The morning after Election Day, I woke up to several texts from close friends and family asking me if I was okay, how I was doing and to text them if I needed anything. In that moment, I needed that. I was feeling the kind of emptiness that comes with having your future ripped away from you, from realizing that the last chance for some semblance of sanity is gone for at least the next four years.
My heart has been in my stomach for days now, but I can somehow still breathe. Even though it feels like I’m at my breaking point, an old Navy Seals adage reminds me that my last straw is only 40% of my total capacity. It’s impossible to know what horrors await us under president-elect Trump. As hard as it is to hear, we’ll soon have a convicted felon occupying the most powerful office in the world, and the people who voted for him celebrate that and wear shirts with his mugshot on them. If that’s not dystopia, I don’t know what is.
At the same time, I remember being 13 and living in India, wanting so badly to be a red-blooded American again. My parents have lived in this country for over 30 years, and they moved here for me. They wanted me to live the American Dream: a term that when uttered recently, often evokes a viscerally disgusted response.
The American Dream has countless connotations — several of which are predicated on capitalism and greed — but to me, it couldn’t be more simple. It’s Victoria Justice’s iconic “Made in America” music video; its hope and a better life.
The United States of America is the country I was born in, and I can spend my life trying to run away from that fact or I can suck it up and realize that I bleed red, white and blue — and so do you. I don’t know about you, but I’m not ready or willing to give up on America.
On Wednesday morning, I woke up thinking it was all over, but messages from everyone I care about helped that feeling subside.
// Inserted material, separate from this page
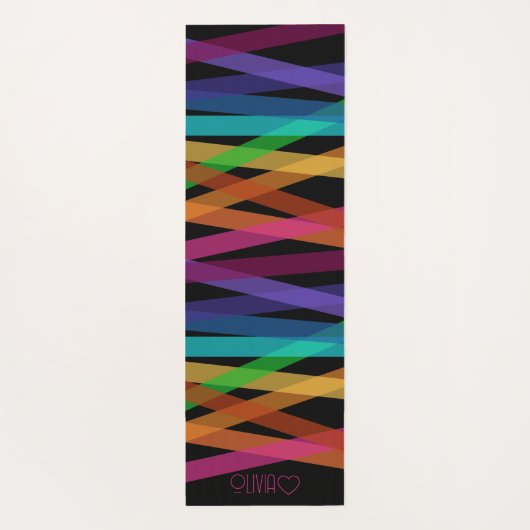 Personalisierte Mit Monogramm Streifen Yogamatte (Rückseite)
With that, I want to bring your attention to Kamala Harris’ concession speech.
“And we will continue to wage this fight … by treating one another with kindness and respect, by looking in the face of a stranger and seeing a neighbor, by always using our strength to lift people up, to fight for the dignity that all people deserve,” Harris said.
Despite the deep loss many of us are feeling, we should take Harris’ words to heart and continue to move forward. We should continue to fight for democracy, with strength and dignity behind our actions.